Alexis de Tocqueville ci ha insegnato che autorità e responsabilità sono due facce della stessa medaglia. Dopo oltre due secoli, l’autorità appare sbiadita e la responsabilità quasi scomparsa. Di chi è la colpa? Del popolo sovrano che non sa scegliere? Rispondere affermativamente sarebbe la prova evidente di un’osservazione superficiale. Non si può infatti trascurare che gli elettori sono chiamati a votare sulla base di leggi elettorali, spesso truffaldine, oltre ad essere condizionati da una propaganda mediatica servile al potere o superficialmente qualunquista. I partiti, che costituzionalmente dovrebbero formare la classe dirigente ed elaborare i programmi per il futuro, sono divenuti invece soggetti evanescenti e servono soltanto per la raccolta del consenso elettorale, solitamente attorno alla figura di un capo. Probabilmente in gran parte tale degrado dipende dalla mancata attuazione dell’articolo 49 della Costituzione, che avrebbe dovuto regolarne per legge il funzionamento, in considerazione che ad essi è attribuito il delicato potere di designare e, talvolta, nominare le persone cui affidare le più importanti responsabilità pubbliche. Nella vulgata mediatica, accettata quasi universalmente, è passata l’idea che era tramontata l’era dei partiti ideologici, pesanti, organizzati e disciplinati del novecento, mentre la modernità imponeva soggetti più leggeri.

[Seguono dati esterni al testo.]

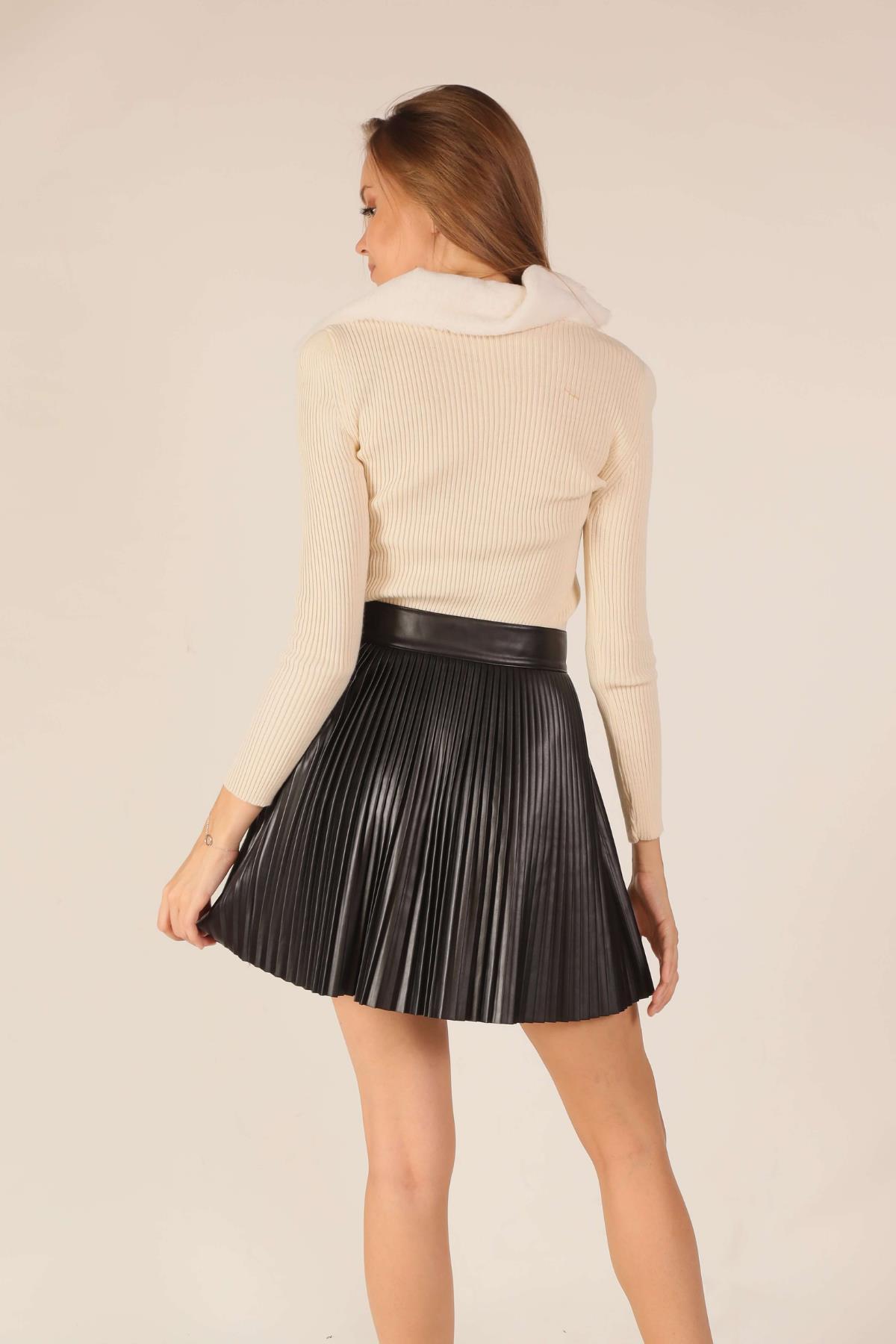 1335 Pliseli Deri Etek Siyah - 3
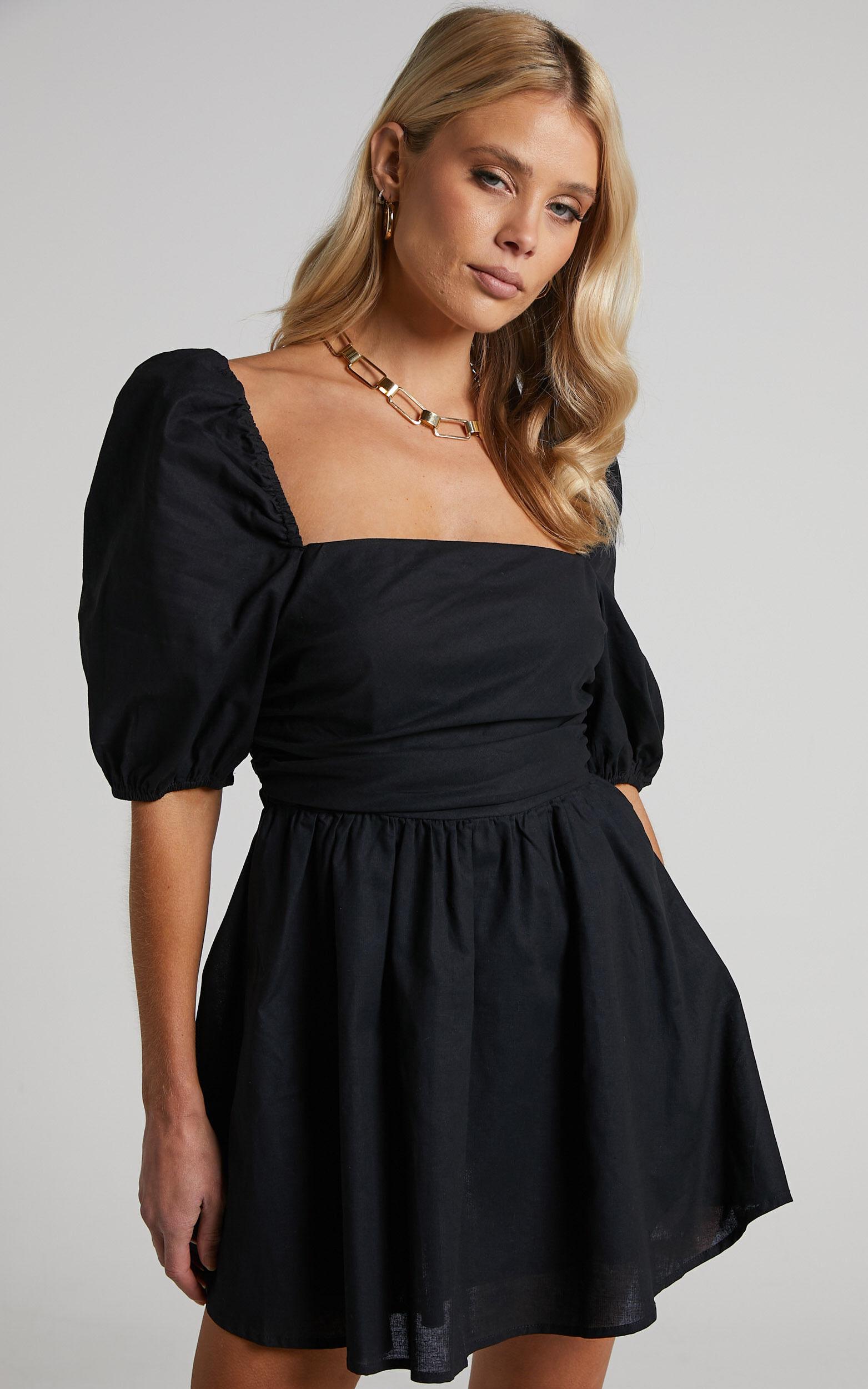 Claudina Mini Dress - Linen Look Puff Sleeve Ruched Bodice Dress in Black Product Image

Questi hanno infatti assunto la denominazione di movimenti, governati da un capo autonominatosi o eletto plebiscitariamente attraverso presunte primarie senza garanzie, o, peggio, attraverso il web, in forme ancor meno trasparenti e garantiste ed in dispregio del principio liberale del pluralismo e della tutela delle minoranze. Ne consegue che, in mancanza di bussole adeguate e di bravi capitani, scegliere una rotta ed avventurarsi nel mare aperto della politica, è diventato quanto mai difficile. Pertanto il voto è divenuto sempre più di pancia, anziché consapevole e convinto. Le democrazie, in particolare quella italiana, hanno registrato un forte regresso, rispetto al periodo di fervore illuminista in cui visse ed operò Tocqueville.

L’inaspettata mobilitazione verso le urne determinata dal recente referendum costituzionale deve farci riflettere attorno ad un fenomeno nuovo: il popolo non si riconosce più nella rappresentanza espressa dalle attuali formazioni politiche, divenute ormai padronali, ed è alla ricerca di nuove forme di protagonismo, che lo coinvolgano direttamente. Una politica gridata, senza idee, palesemente attenta soltanto all’occupazione del potere, ha prodotto nell’ultimo ventennio una profonda disaffezione. L’elevata recente partecipazione referendaria ha rappresentato un segnale di rinnovata tensione partecipativa, che tuttavia va indirizzata e guidata per non scivolare verso il populismo. La delusione delle campagne elettorali all’insegna di chi la spara più grossa, di chi promette di più, ha reso il cittadino diffidente e forse più attento. Per dare risposta a tale grandioso elemento di novità non basta più la sporadica mobilitazione, che abitualmente va in scena nelle ricorrenti campagne elettorali, all’insegna del folclore clientelare. Bisogna riscoprire un rinnovato e motivato impegno di rappresentanza. Non pensiamo alla riedizione delle vecchie sezioni di periferia dei partiti del secolo scorso, ma a forme di presenza reale nel territorio, condividendone i problemi più scottanti, ristabilendo un rapporto di fiducia, che nasca dall’ascolto, dal confronto quotidiano, dalla condivisione delle ansie e dei problemi, evitando suggestioni presuntamente salvifiche e ricercando insieme forme nuove per rendersi interpreti di bisogni e speranze reali, da rappresentare nel confronto, anche aspro, con il potere a tutti i livelli. Il terreno quindi non può che essere quello concreto degli effettivi interessi in gioco delle rispettive comunità, delocalizzando il messaggio dal centro verso la periferia, che oggi, specialmente nel Meridione, soffre di un inedito senso di abbandono e di paura. Un primo tentativo in tale direzione il PLI lo propone il prossimo 21 gennaio a Roma con un confronto serrato e senza mezzi termini sul disastro delle municipalizzate cittadine con il titolo provocatorio: Fuori il Comune dalle partecipate! La strada sembra tracciata, sarà difficile affrontarla, ma principalmente riconoscere i compagni di viaggio.